Edwin Markham liked Our Benny, saying: “It is fluent and simple and full of a homely pathos and humor, and it takes a place next below Snowbound and Myles Standish.” Caution! Our Benny is a narrative poem; there are those who can’t endure verse. They may pass on to Flamsted Quarries. This opens in New York City. A fatherly priest sees a child on the vaudeville stage and takes her to an asylum for homeless children. Later we find them in a small Maine village, a quarry town. There is an embezzler in the story and the theme is the power of a simple environment, good, hard work and honest love to make men and women whole.

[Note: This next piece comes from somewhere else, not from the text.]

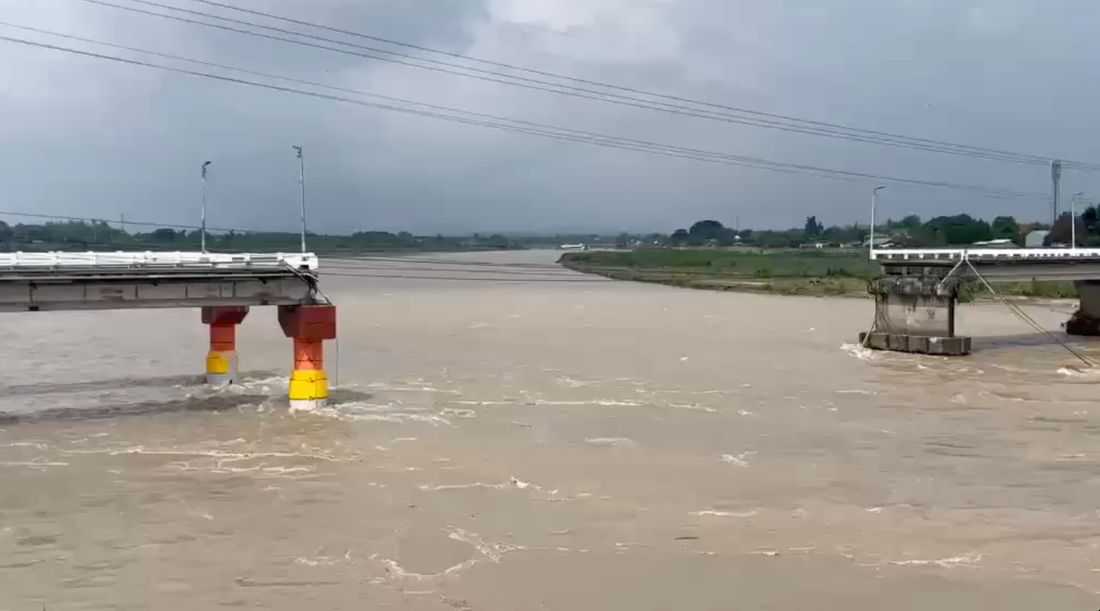 Military bridge tank eyed as temporary support for collapsed Tarlac bridge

My Ragpicker is about Nanette, an appealing little child of poverty in Paris. A Cry in the Wilderness has American and Canadian characters and its scenes are laid mainly in New York and in a seigneury on the St. Lawrence—Miss Waller’s first invasion of Canada. Aunt Dorcas’s Change of Heart was published by Miss Waller herself, in 1913; doubtless it was an enterprise in behalf of that hospital which she thrust between herself and her visitor. From an Island Outpost is a meditative book—thoughts that came to Miss Waller as she wrote from her own island outpost on Nantucket. Out of the Silences is a return to Canada and a novel of the Great War. The setting is just over the border from Dakota. The central character, Bob Collamore, an American boy, is left as a youngster of nine in charge of William Plunket, a saddle-maker, quaintly philosophical, broad-minded, sympathetic, with a considerable knowledge of the human heart. The boy Bob grows up with Plunket’s stepson, McGillie, and the children of the Cree Indian tribe. He gets a good deal of the red man’s knowledge. As he matures the white man’s ambition to get out in the world and match his wits against his fellows seizes him. He goes forth confidently, to find that his youthful years have fixed indelibly his ideals, his philosophy and his outlook on life. Love, romance and success come to him—and death. For the war calls to his manhood and takes him to France.
An intermediate book may be briefly mentioned. A Year Out of Life is only partly a work of fiction; in part it records Miss Waller’s impressions of German life—long before the war, of course, for it was published in 1909.